>>>>>

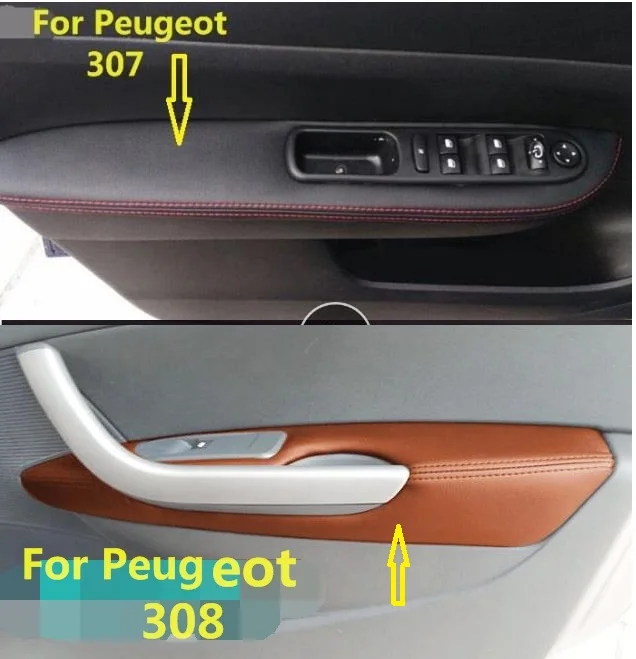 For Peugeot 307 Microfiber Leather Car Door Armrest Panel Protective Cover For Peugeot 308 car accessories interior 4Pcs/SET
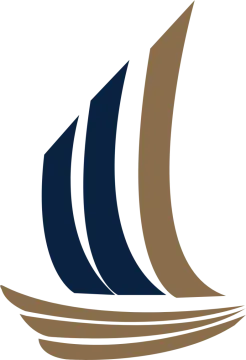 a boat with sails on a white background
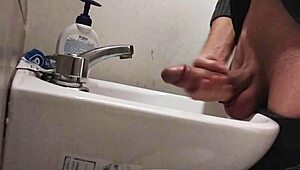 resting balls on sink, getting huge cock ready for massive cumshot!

<<<<<
>>>>>

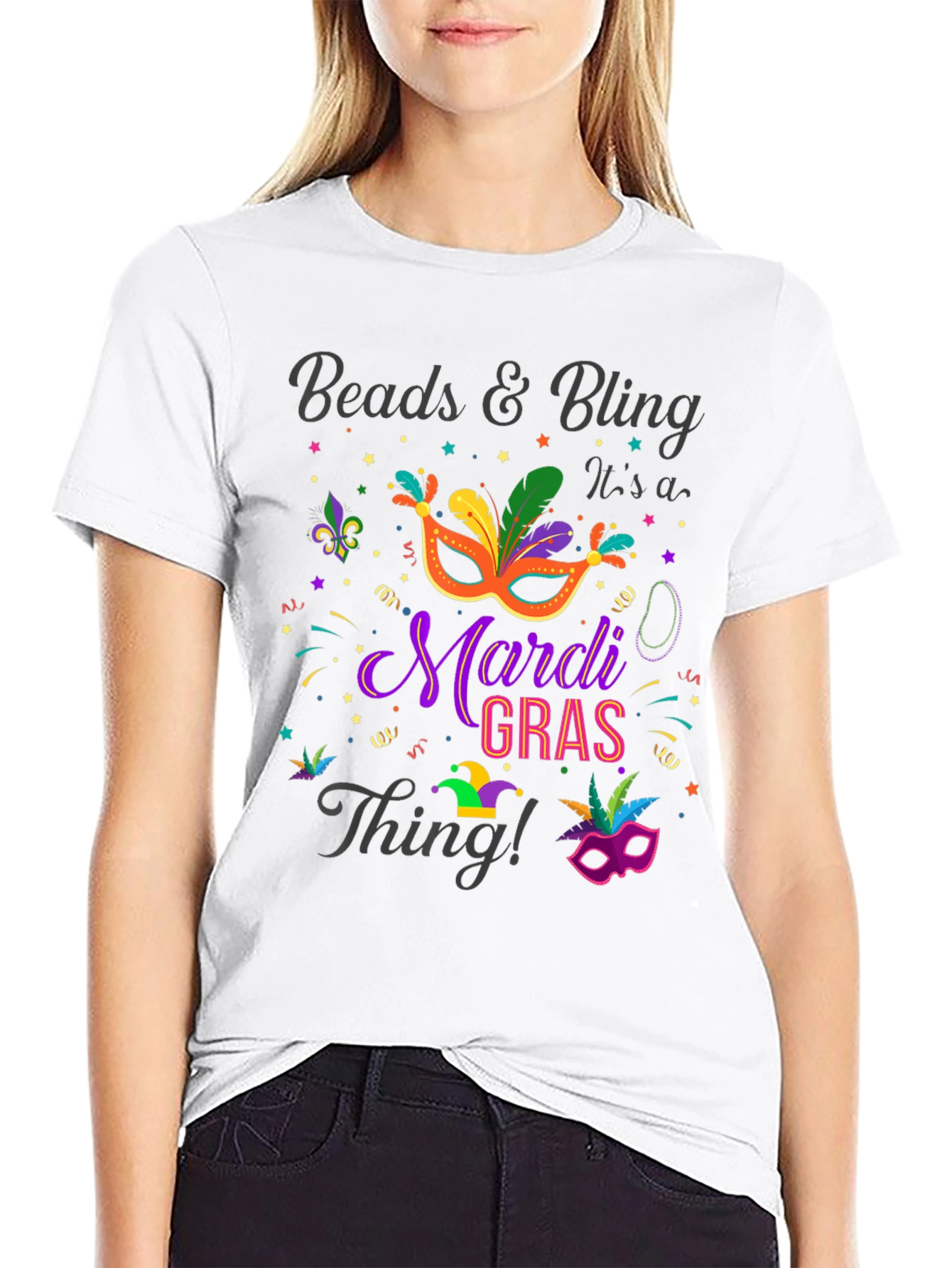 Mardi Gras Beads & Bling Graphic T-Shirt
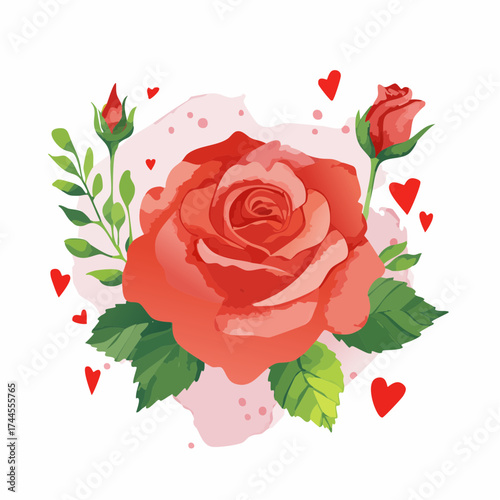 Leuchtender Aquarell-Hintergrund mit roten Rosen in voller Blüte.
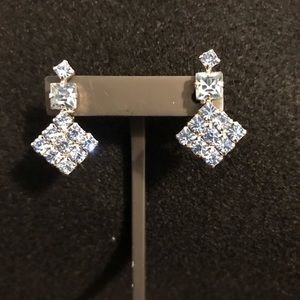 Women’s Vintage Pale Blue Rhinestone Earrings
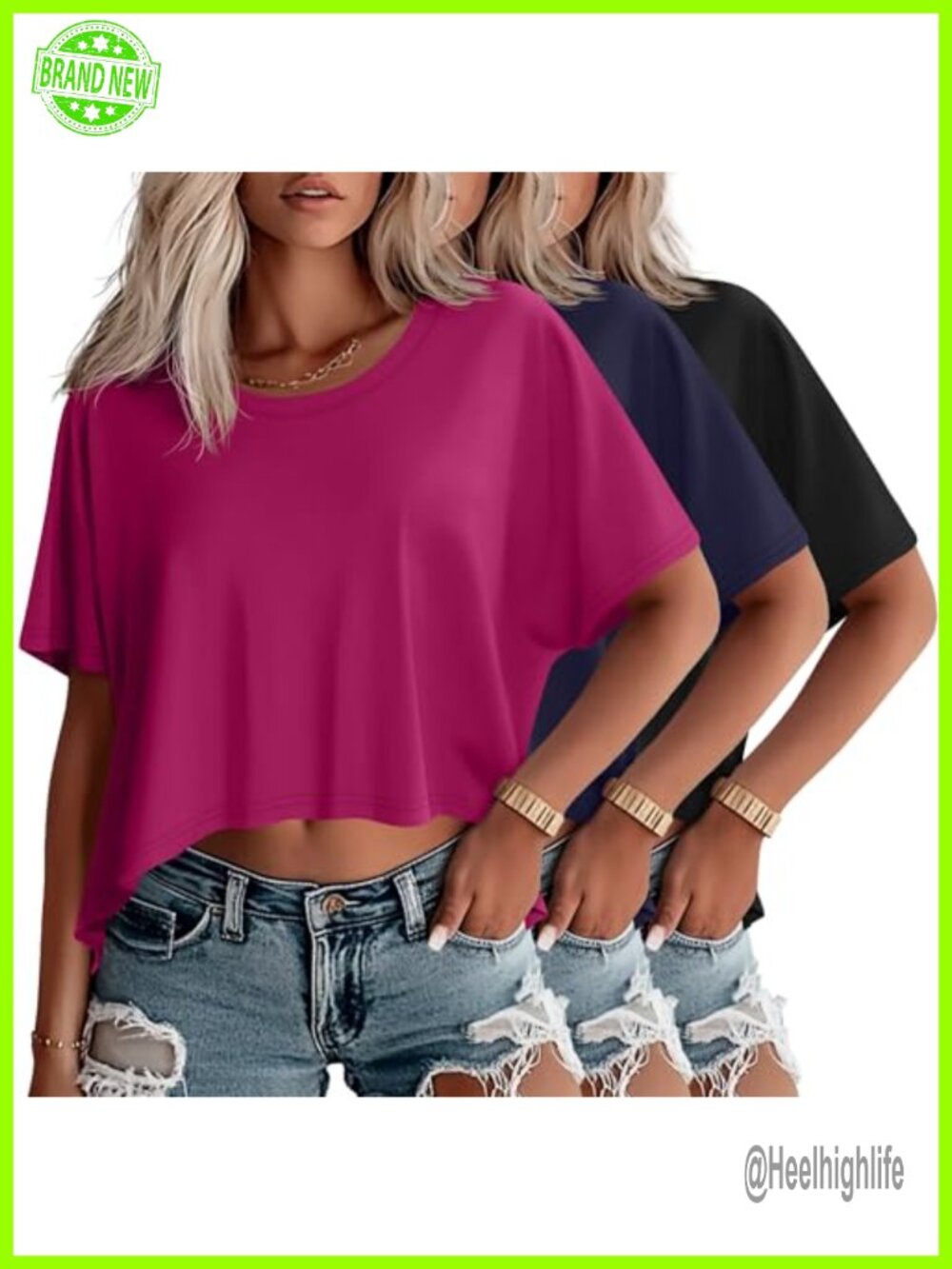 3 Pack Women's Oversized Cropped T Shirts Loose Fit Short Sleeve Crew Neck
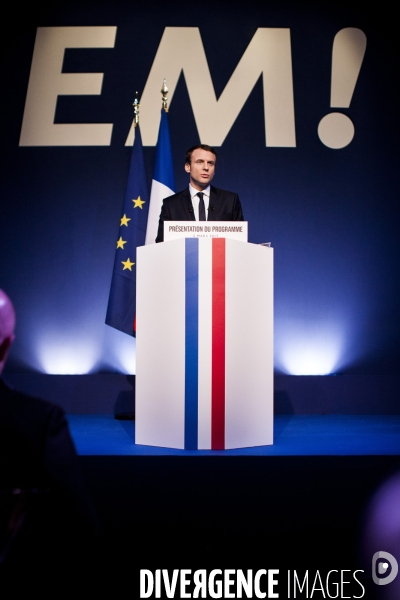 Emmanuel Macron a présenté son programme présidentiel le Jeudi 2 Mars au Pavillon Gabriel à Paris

<<<<<

**WHAT NEEDS TO BE DONE**
Please print the lines above word for word, starting at the one with "For Peugeot 307" and ending at the one with "resting balls on", both included, and without any picture.

**YOUR SOLUTION**
 For Peugeot 307 Microfiber Leather Car Door Armrest Panel Protective Cover For Peugeot 308 car accessories interior 4Pcs/SET
 a boat with sails on a white background
 resting balls on sink, getting huge cock ready for massive cumshot!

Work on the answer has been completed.